The Minnesota House passed two pieces of capital investment legislation that would deliver nearly $1.9 billion for local jobs and projects throughout the state. The package of legislation is split between a $1.5 billion bonding bill (HF 669), using General Obligation (GO) bonds, and a $393 million cash bill (HF 670) through the general fund.
The measure includes $11.5 million for the City of Mankato Water Resource Recovery Facility.
“This is the first step in securing the needed improvements to this facility, and as we navigate through the session, I will continue to push for additional funding for this and other projects in our area,” said Rep.
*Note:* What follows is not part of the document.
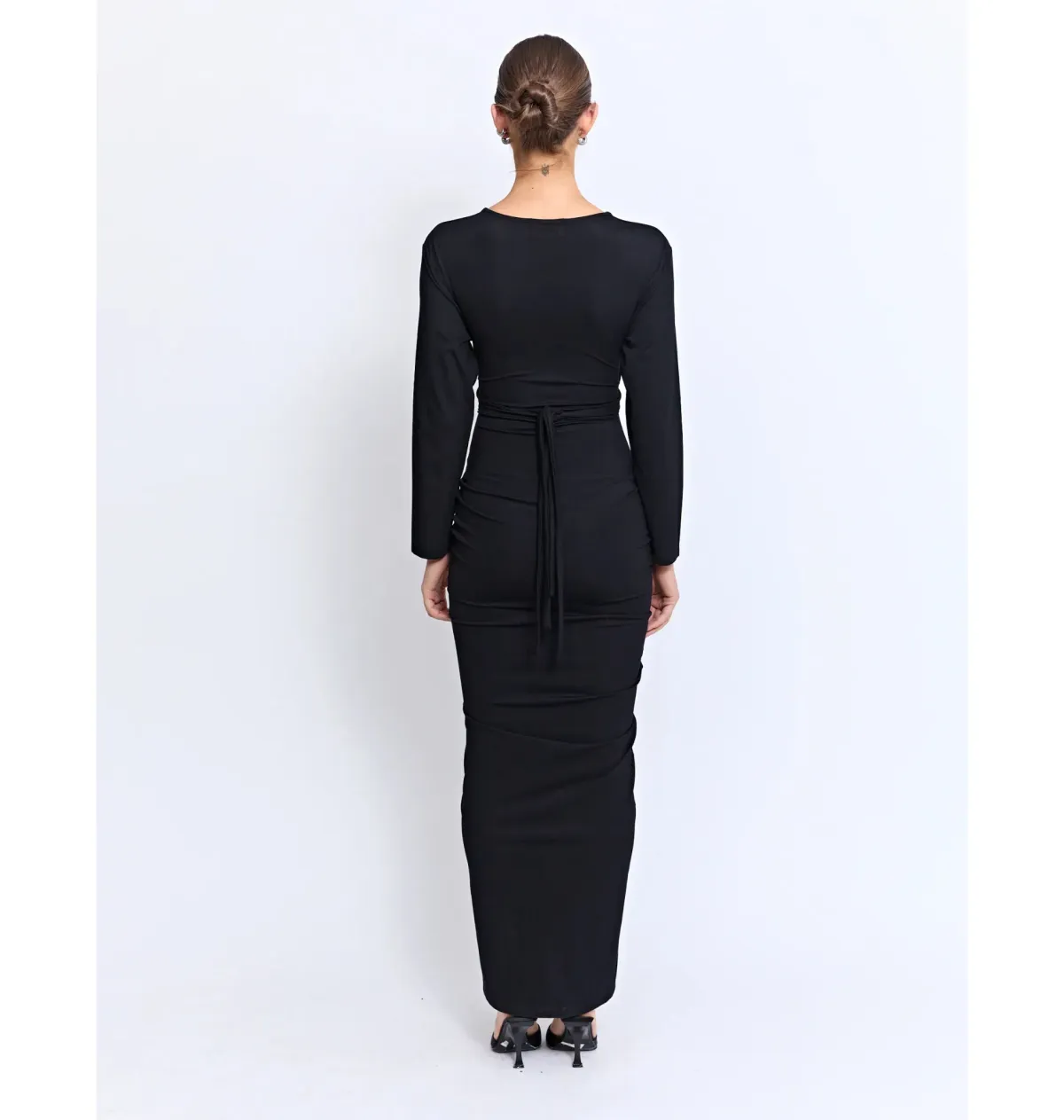 Pfeiffer Fontaine Dress Black Size AU 8 - Image 4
Luke Frederick (DFL-Mankato). “I was pleased 21 of our House Republican Caucus colleagues joined House DFLers to vote ‘yes’ on the first bonding bill. Importantly, Senate Republicans must show the same level of cooperation and commitment to advance this key infrastructure bill. We can’t wait any longer. The health and safety of Mankato residents is at stake and all eyes are on the Senate.”
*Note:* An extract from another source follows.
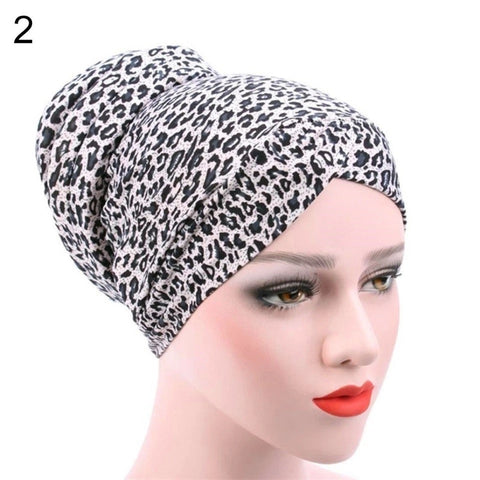 Maryam's Diamond Style Stretchy Turban Flower Print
House File 669, the first bill taken up, focuses on taking care of existing infrastructure and leveraging federal funds that are available for certain projects. The bill also restores and protects our natural spaces, and funds critical infrastructure, such as water and transportation systems, that allow communities throughout the state to grow and thrive.
House File 670’s cash-funded projects include investments to protect communities from flooding, create safer nonmotorized transportation options, provide clean water, expand local recreational opportunities, modernize healthcare facilities, ensure safe shelter for youth, and increase educational and job training opportunities, among other things. It also includes numerous investments in BIPOC-led nonprofits that provide essential community services.
Bills that utilize GO bonds must originate in the House and require a supermajority to pass. House Fille 669 passed on a vote of 91-43. House File 670 passed on a vote 98-36. Video of today’s debate can be found on the House Public Information YouTube channel.